Battleborn: cronache di un insuccesso – Speciale

A CONTRIBUIRE AL DECLINO DI BATTLEBORN CI FU ANCHE LA CONCORRENZA DI OVERWATCH, IN ALCUNI CASI DECISAMENTE SPIETATA

Anche grazie alla spietata concorrenza mossa da Blizzard (che spostò la sua open beta proprio nella settimana di lancio di Battleborn), non è difficile capire perché anche solo basandosi sulla prima impressione frotte di giocatori abbiano preferito Overwatch: esteticamente, il gioco di Gearbox era nettamente inferiore, con una palette cromatica non terribilmente invitante, personaggi strani, spigolosi e di gran lunga meno accattivanti, e in genere un maggiore senso di confusione a schermo; la cosa, tra l’altro, si rifletteva anche sui cosmetici opzionali, che nel caso dell’ibrido FPS/MOBA erano tanto semplici quanto tristi recolor del modello originale. Aggiungete a questo un’ambientazione condita da quell’umorismo in stile Borderlands che o lo si ama o lo si odia, e il prezzo minore di Overwatch fu il chiodo finale sulla proverbiale bara. Certo, era una delle obiezioni ai tempi, quei 20€ in più erano giustificati dalla componente PvE, una serie di livelli cooperativi legati alla storia di questo universo dove tutte le stelle meno una si sono spente: e, insomma, se c’è una cosa che Gearbox fa bene è il gioco cooperativo, no? Peccato che in realtà anche questo contenuto fosse francamente deludente: i personaggi di Battleborn funzionavano bene se inseriti nel contesto di uno scontro multiplayer, ma molti di loro faticavano a convincere se utilizzati in un contesto PvE, con il risultato di sentirsi un pesce fuor d’acqua per tutta la durata della missione. Chi sperava di trovarsi di fronte una sorta di “Borderlands lite”, come me, rimase parecchio deluso dall’offerta.
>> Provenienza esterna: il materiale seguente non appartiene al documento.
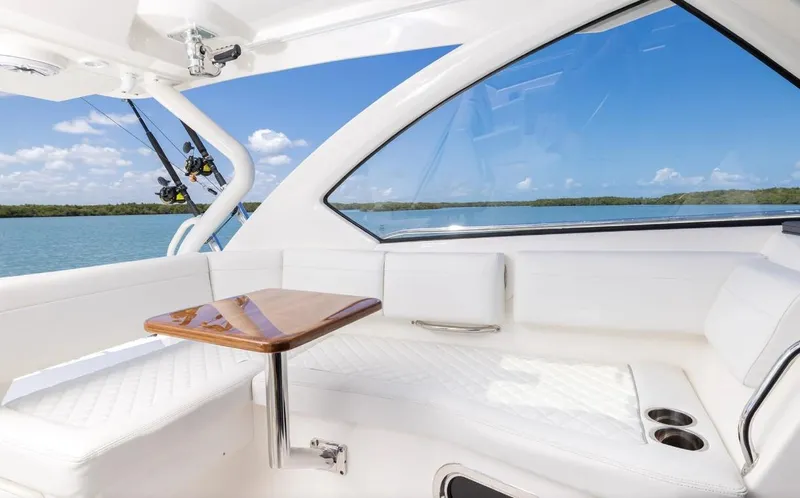Slide: The Image of Luxurious interior of 2025 Pursuit OS 325 yacht with scenic ocean view. - 11
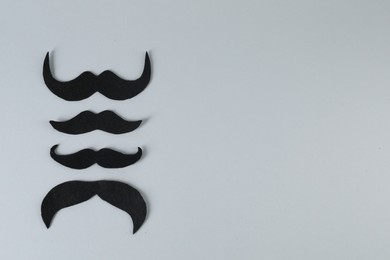 Photo of Fake paper mustaches on grey background, flat lay. Space for text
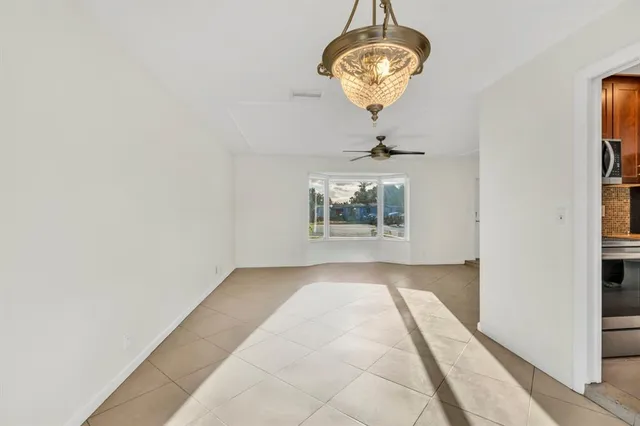 a bathroom with a toilet sink and shower
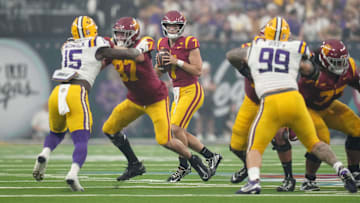 Sep 1, 2024; Paradise, Nevada, USA; Southern California Trojans quarterback Miller Moss (7) drops back to throw the ball against the LSU Tigers in the first half  at Allegiant Stadium. Mandatory Credit: Kirby Lee-USA TODAY Sports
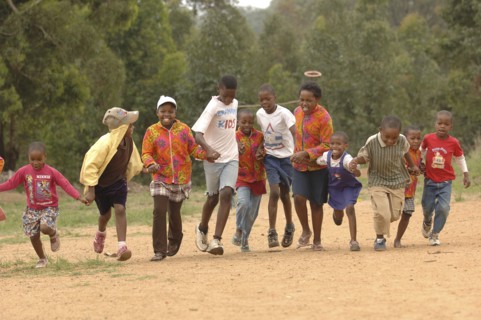 AFRICA, Children , Playing, School Children running on dirt road.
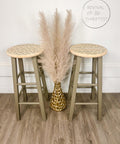 Belles and Whistles Mudcloth - Stencil provides an extra decorative touch to any project! Pair of stools painted in a light green with natural wood on the top and a stencil painted on. Staged with gold vase and wheat plants.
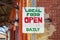 Close up shot of an old sign of Local Food Daily store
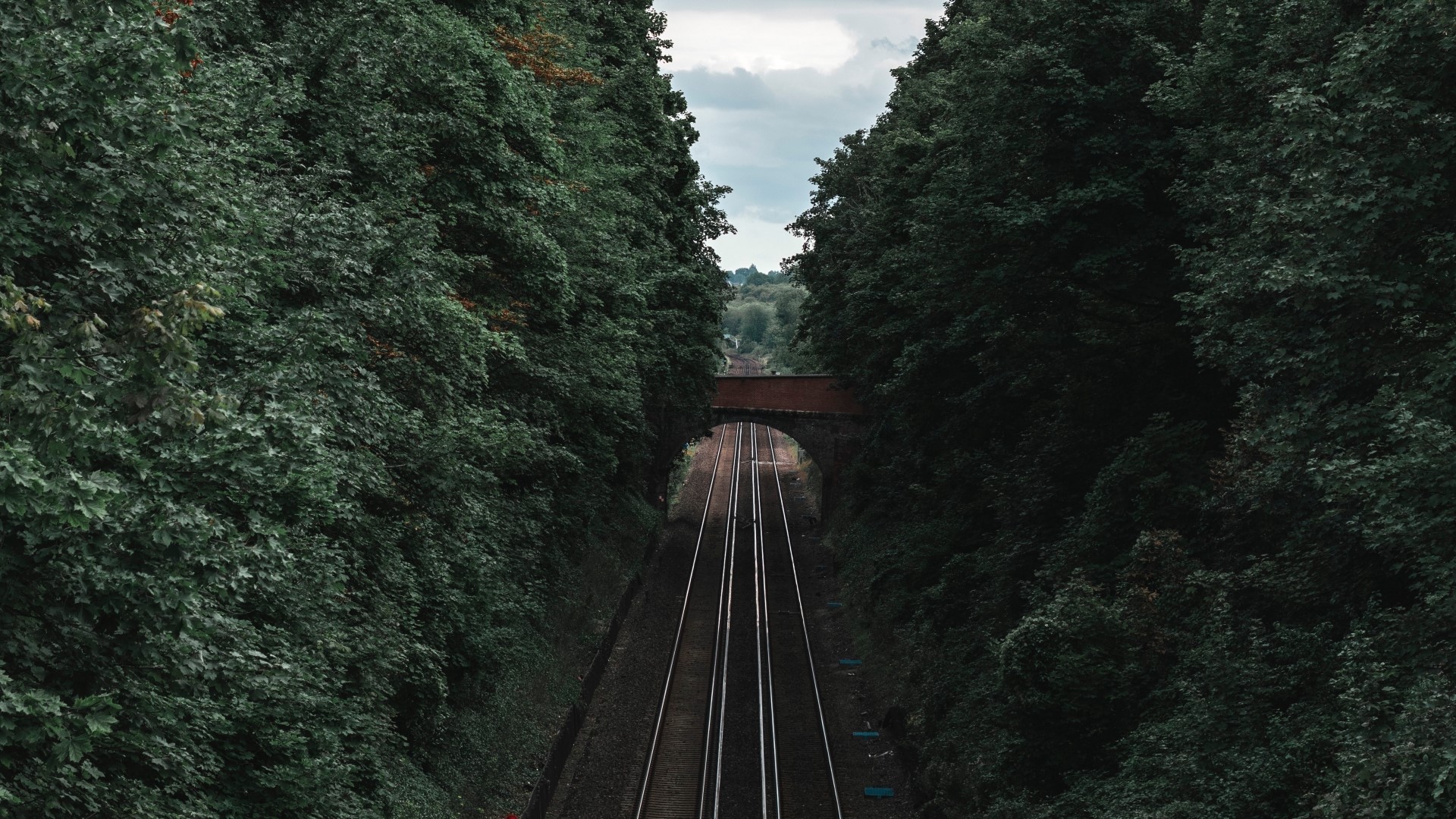 Railway tracks passing under a brick bridge surrounded by trees HD Wallpaper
Il design dei personaggi non peccava di originalità, ma il risultato finale era spesso poco accattivante.

AL DI LÀ DI TUTTI I SUOI DIFETTI, HO SEMPRE TROVATO IL GAMEPLAY DI BATTLEBORN SOLIDO E BEN RIUSCITO. PECCATO PER IL CONTORNO

Non ho volutamente parlato del gameplay di Battleborn per un semplice motivo: perché credo che quello fosse probabilmente l’unica cosa che aveva azzeccato. Nelle circa 60 ore che ho passato giocandoci, ho sempre trovato che l’ibrido FPS/MOBA fosse riuscito bene, che la varietà dei personaggi fosse più che buona, che fosse piacevole spostarsi di qua e di là per controllare lo stato dei vari obiettivi, cercare di aiutare lane in difficoltà e magari sorprendere qualche giocatore che si era troppo esposto in cerca di un’uccisione. Non credo che Battleborn avrebbe avuto difficoltà a ritagliarsi una sua fetta di giocatori, se non fosse stato per una serie di fattori di contorno ma non per questo meno importanti. Uno di questi, cioè l’uscita quasi contemporanea di Overwatch, era al di fuori del controllo di Gearbox: ma tante altre cose no. Sto parlando, ovviamente, della presenza di microtransazioni all’interno di un gioco da 60€, del marketing che insistette poco su ciò che rendeva unico il gioco, delle scelte estetiche polarizzanti. E così, il declino di Battleborn fu tanto rapido quanto sotto gli occhi di tutti. Nel 2017, ci fu un tentativo di risollevare le sorti del gioco rendendolo free to play; tentativo dallo scarso successo, visto che a tre mesi di distanza Gearbox annunciò che non avrebbe più lavorato alla sua creatura – che, a gennaio di quest’anno, ha visto definitivamente chiusi i suoi server.